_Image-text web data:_
>>>
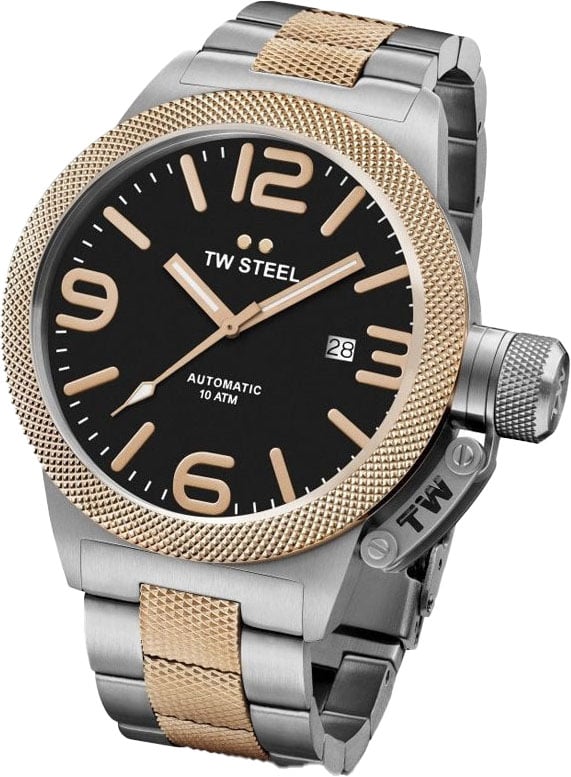TW Steel TW Steel CB135 Canteen Bracelet Automaat Horloge 45mm Goud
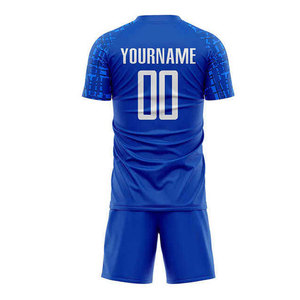Maillot de foot pour homme, col rond, polyester, uniforme de foot sublimé avec logo et nom personnalisés, uniforme de foot OEM - Product Image 4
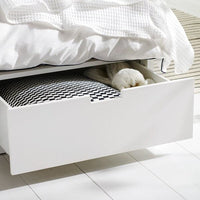 NORDLI - Bed frame/container/material, white/Vågstranda rigid, , 160x200 cm - best price from Maltashopper.com 59536877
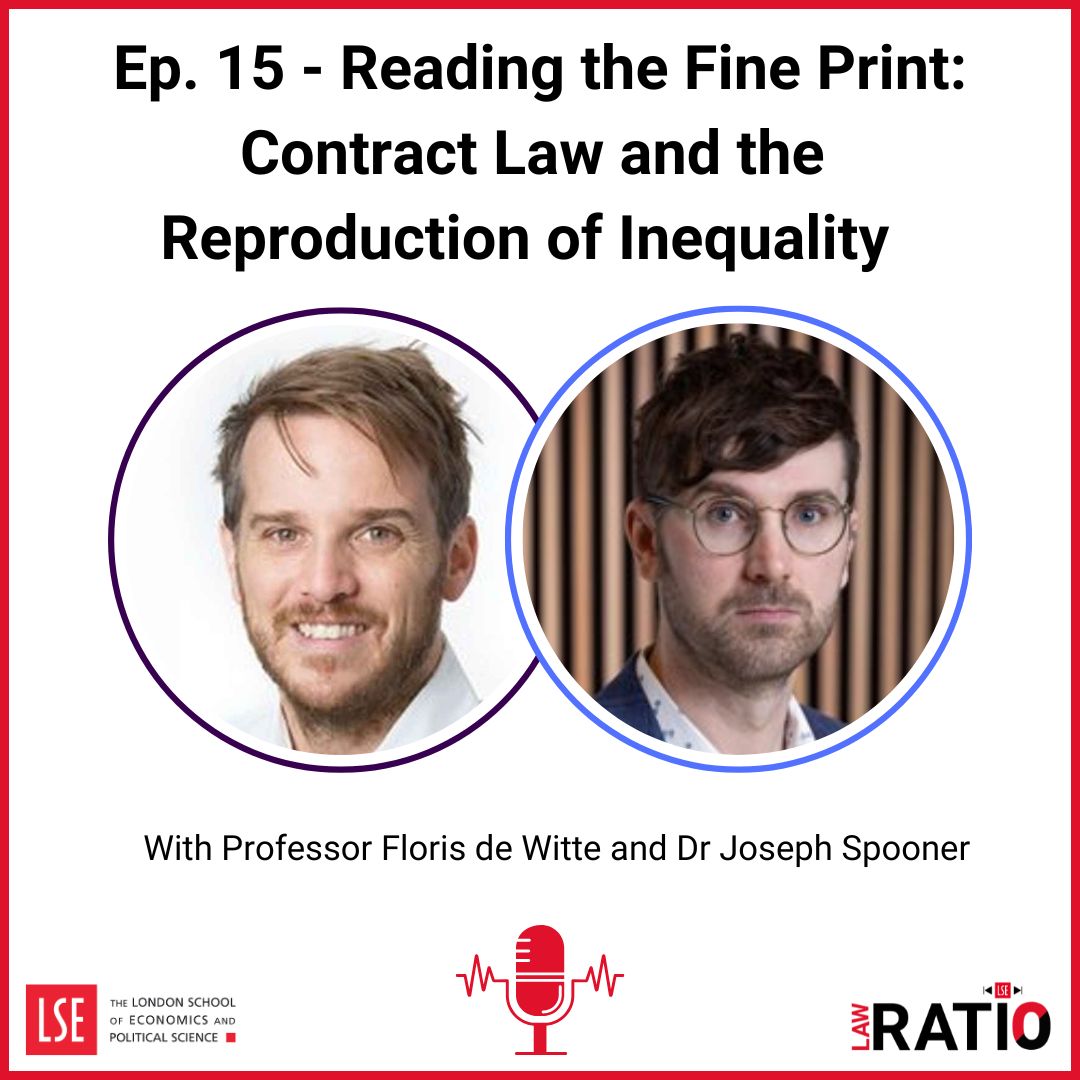 Ratio Law Podcast (@lseratio) on Twitter photo 🚨 Episode 15 is live! In this episode, Dr <a href="/jtspooner/">Joseph Spooner</a> discusses the regulation of contractual terms as a tool for managing market distribution and economic inequality. <a href="/LSELaw/">LSE Law School</a>
Spotify: open.spotify.com/episode/642usb…
Apple Podcasts: podcasts.apple.com/gb/podcast/rat… 🚨 Episode 15 is live! In this episode, Dr <a href="/jtspooner/">Joseph Spooner</a> discusses the regulation of contractual terms as a tool for managing market distribution and economic inequality. <a href="/LSELaw/">LSE Law School</a>
Spotify: open.spotify.com/episode/642usb…
Apple Podcasts: podcasts.apple.com/gb/podcast/rat…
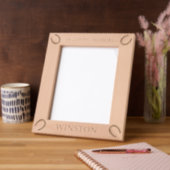 Gepersonaliseerde paardennaam Equestrian Hoefijzer Gegraveerde Lijstjes (Links)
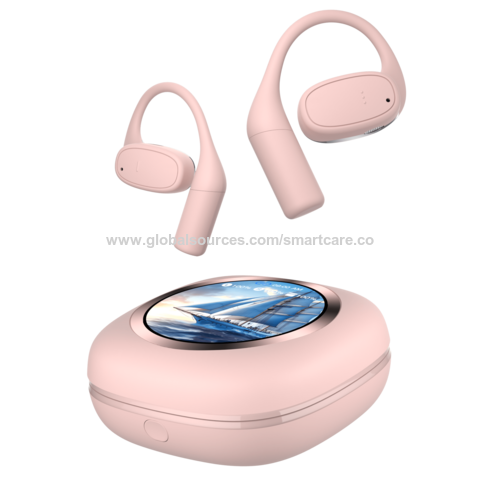Fabricant OEM + Écouteurs OWS + Stockage de carte TF de 4 Go pour musique locale + Écran TFF 1,7 pouces 360*360 sur la station de charge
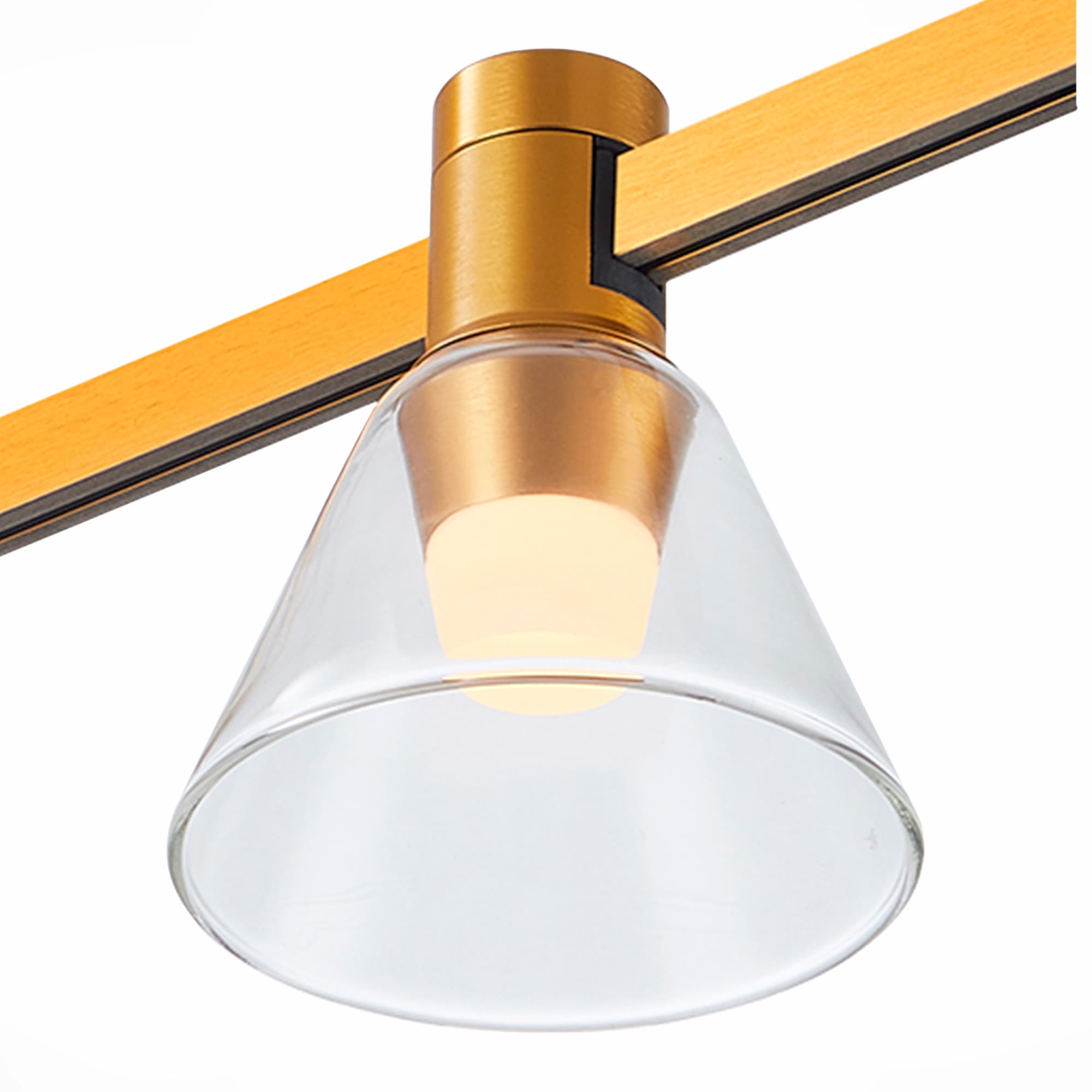 ST LUCE ST814.206.03 Магнитный трековый светильник FARM Золотистый LED 1*3W 3000K 89Lm Ra90 120 IP20 D90xH102 180-240V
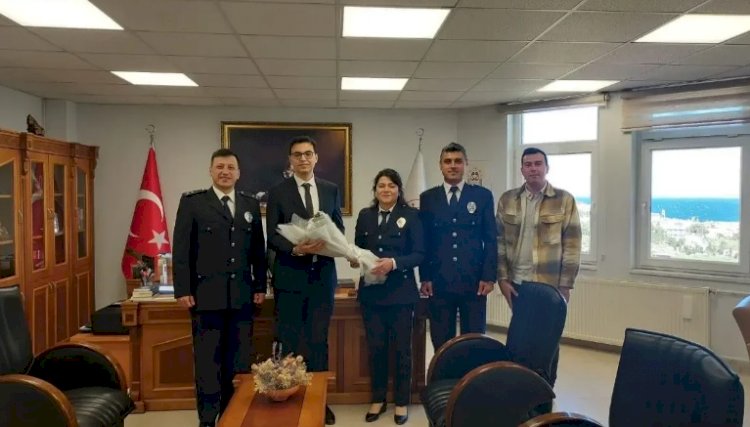 Emniyet personelinden Bozcaada Kaymakamı Kara’ya ziyaret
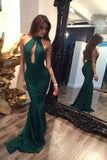 Long High Neck Mermaid Sexy Backless Prom Dress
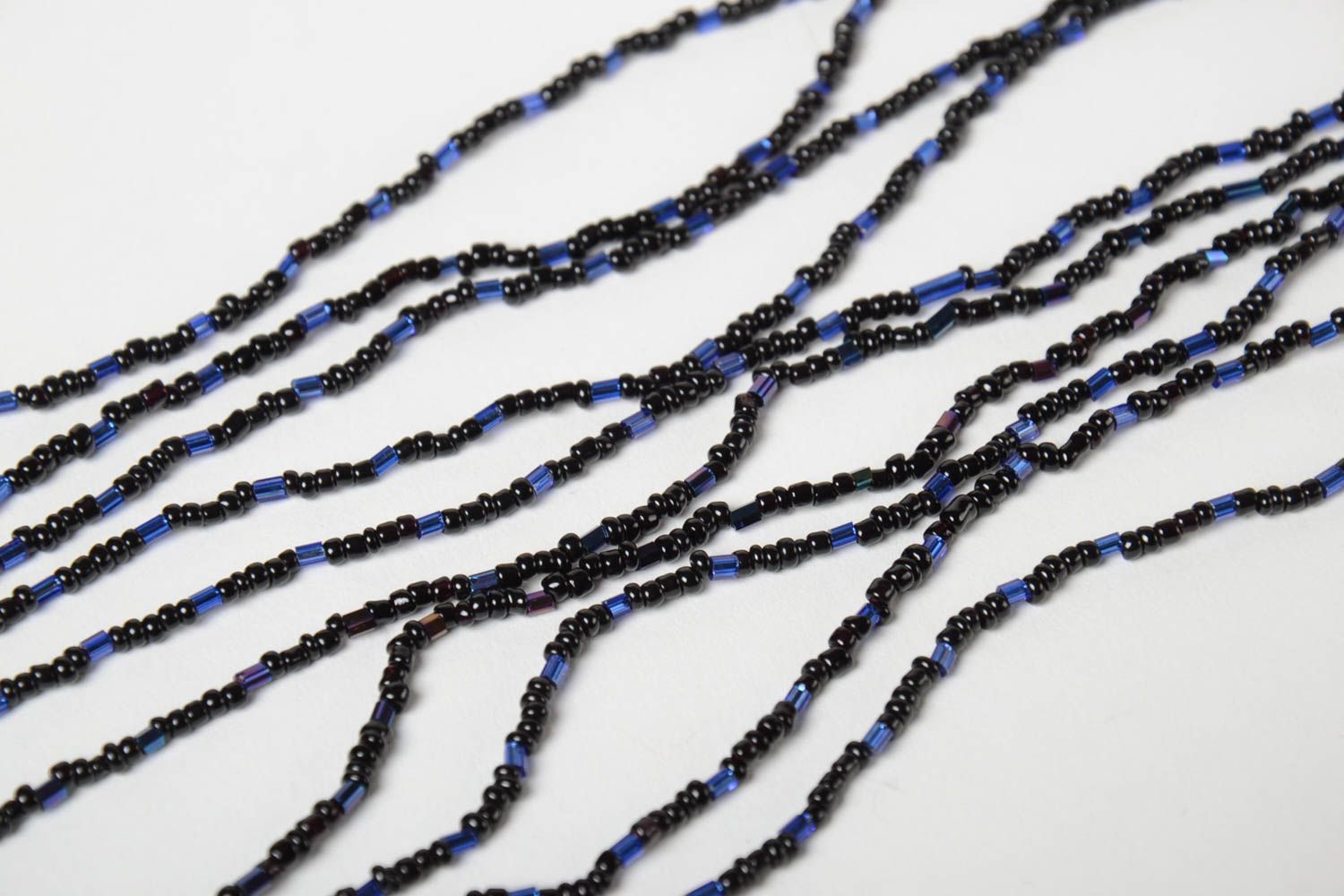 Handmade Glasperlen Schmuck Frauen Halskette in Schwarz Geschenk für Frauen foto 4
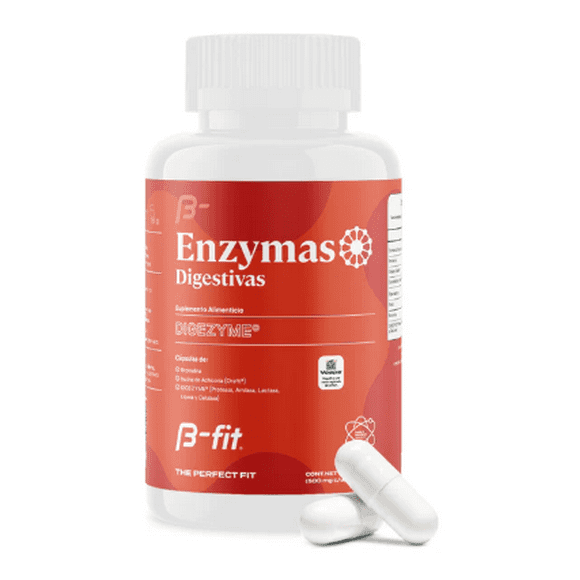 Enzymas Digestivas - 90 Cápsulas | B-fit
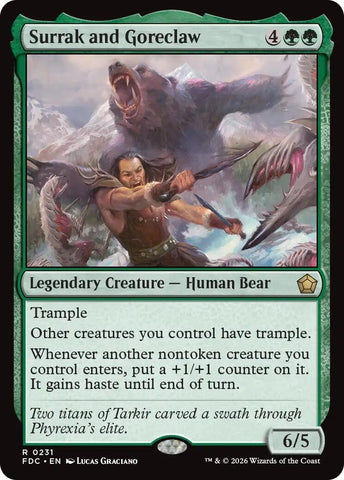 Image for Surrak and Goreclaw (231) (Commander: Foundations) (FDC) - Magic: The Gathering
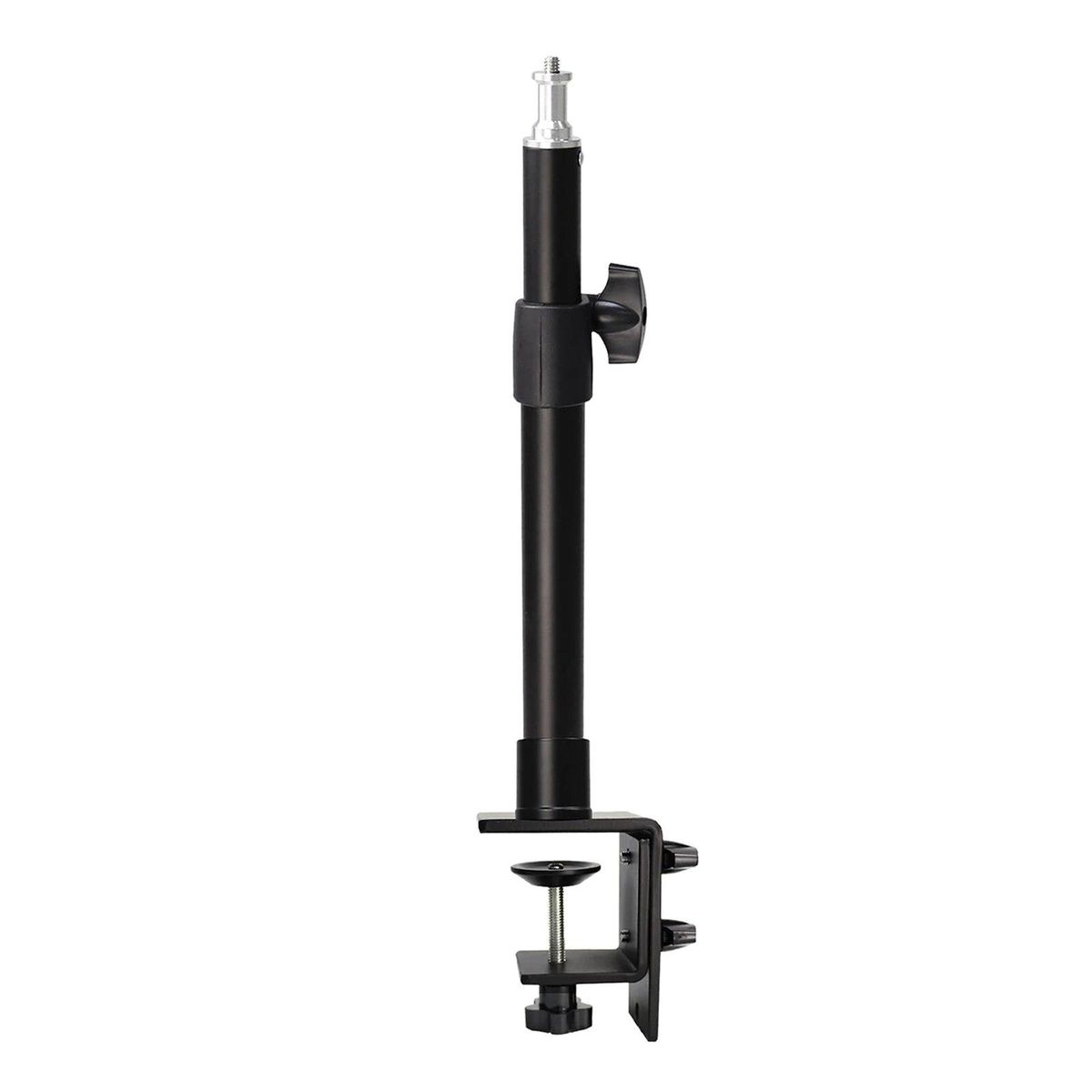 Adjustable Universal Table Desk Clamp Mount Stand 1/4' Screw Tip for DSLR DC Camera Camcorder Ring Light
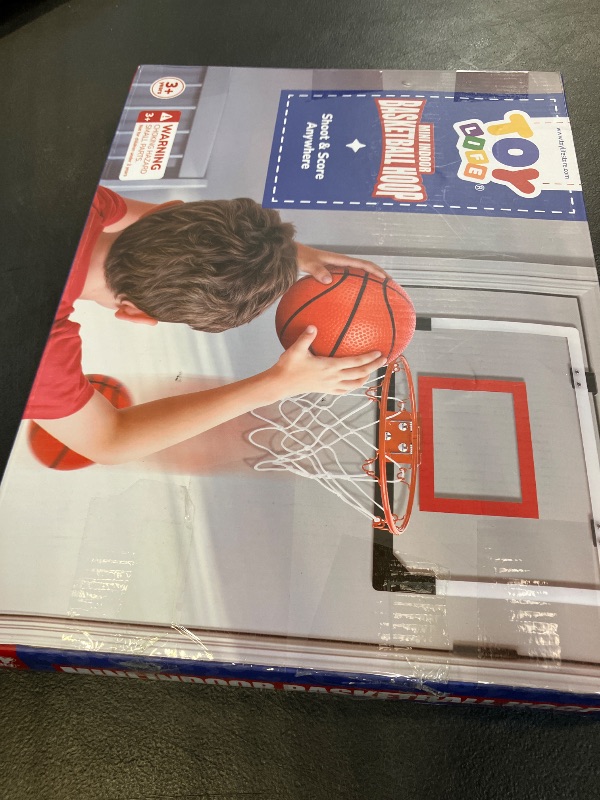 View 2 of TOY Life Basketball Hoop Indoor for Kids Over The Door Office Basketballhoop for Teens and Adults Mini Hoops Door Room Goal with 4 Balls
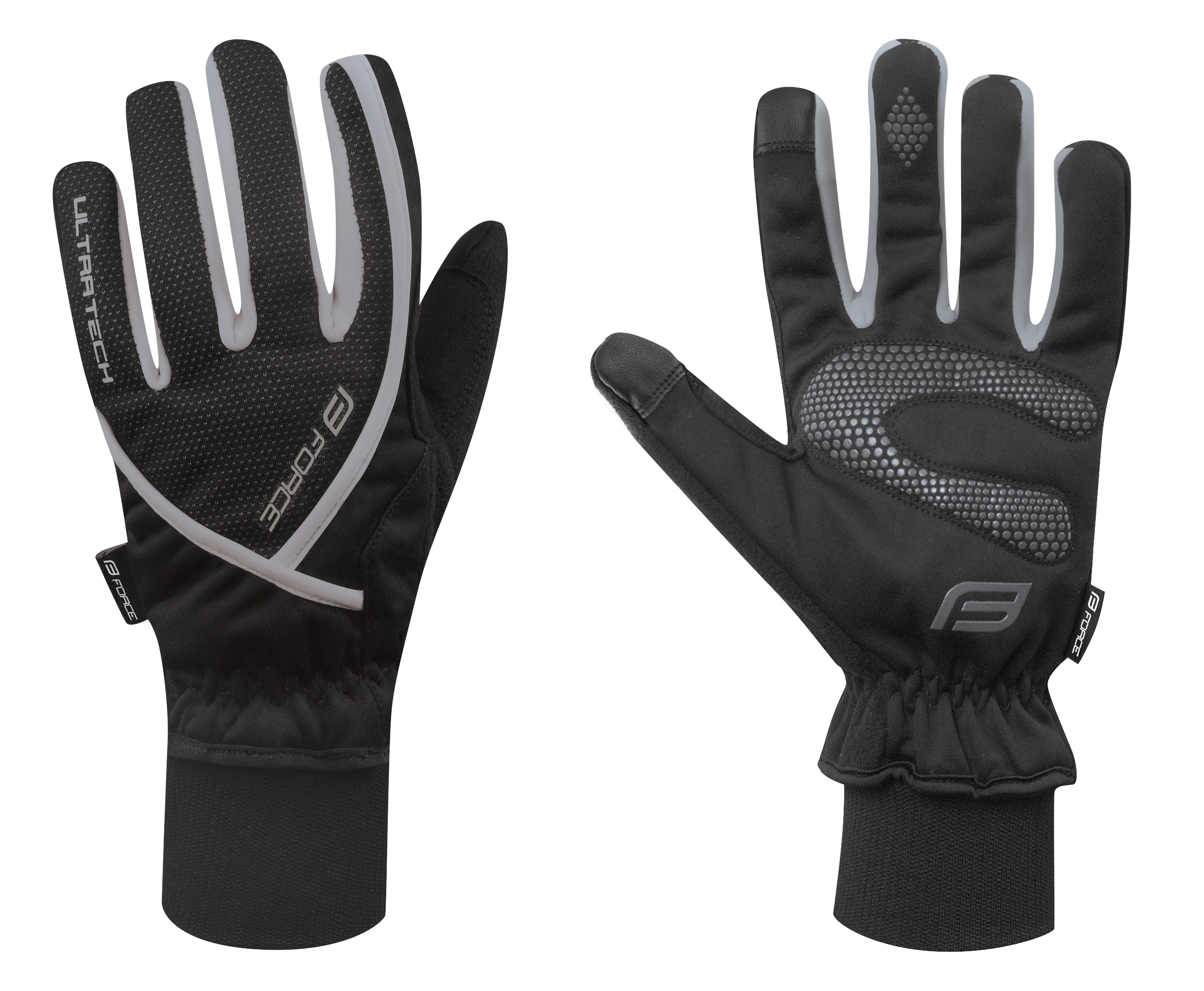 gloves winter FORCE ULTRA TECH, black 3XL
<<<
Would you please reproduce the entries above, starting at the line with "ST LUCE ST814.206.03" and stopping after the line with "Image for Surrak"? Omit any pictures.

 ST LUCE ST814.206.03 Магнитный трековый светильник FARM Золотистый LED 1*3W 3000K 89Lm Ra90 120 IP20 D90xH102 180-240V
 Emniyet personelinden Bozcaada Kaymakamı Kara’ya ziyaret
 Long High Neck Mermaid Sexy Backless Prom Dress
 Handmade Glasperlen Schmuck Frauen Halskette in Schwarz Geschenk für Frauen foto 4
 Enzymas Digestivas - 90 Cápsulas | B-fit
 Image for Surrak and Goreclaw (231) (Commander: Foundations) (FDC) - Magic: The Gathering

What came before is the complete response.